If I wanted to consider a less wish-fulfillment ending, the ugly duckling would grow up to become an ugly duck only to find a tribe of similarly-ugly ducks who are awesome in their own right, and don’t regard their ugly traits as ugly at all. Eventually our (now adult) ugly duckling realizes that she likes herself better now in this raft rather than what she would be in that other raft of allegedly-pretty ducks, even if she were to fit that standard of pretty, herself.

Author and sex educator Janet W. Hardy observes this process happens a lot: A (Proverbial) ugly duck often will leave her childhood paddling to discover a new paddling better suited to to her. And then gets to be princess-of-the-ball for a while as all the nice, charming drakes (and no small portion of the other ducks) decide she is the bees’ knees.

Now that I think about it, this probably relates to the thing that happens with anthropologists who go to study contemporary primitives and then go native.
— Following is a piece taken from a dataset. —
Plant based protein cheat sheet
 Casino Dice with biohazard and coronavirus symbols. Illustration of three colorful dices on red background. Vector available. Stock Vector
This does mirror Gorilla behavior, where pubescent females are ejected from bands, but strange pubescent females (from other bands) are welcomed in. And human tribes in our hunter gatherer days would exchange young females by the young males performing raids and stealing women. (Usually on the guise of They stole my sister! Let’s go get her back!. The tribes would, conspicuously, never end up with the same young women they started with, probably because a brave mid-raid will find the local-cutie-and-future-bride more appealing than his bro’s sister-who-he-grew-up-with).

All this is to say that when my sweetheart and Problem Machine met yesterday, they got along swimmingly, and it was good reassurance to me that my raft of ducks is a pretty sweet fit.

* It’s also a false sentiment: grown-ups don’t want you to grow into a swan or an ugly duck, but magically transform into a pretty duck just like them. It’s part of their developmental process to come to the conclusion that you’re going to be your own person, and to come to accept that you’re okay for who you are even though you’re not the clone they wanted.

Edits: Style and clarity.

Geeky Afterthought: Were I playing Champions or some other customizeable super-hero game, Duck-Duck-Goose (or just Goose) would be a cool hero concept: a scrappy fighter who also can blend-in with crowds, conceal her identity with disguise and not raise suspicions behind employees only lines. Kinda a normals-level Mystique.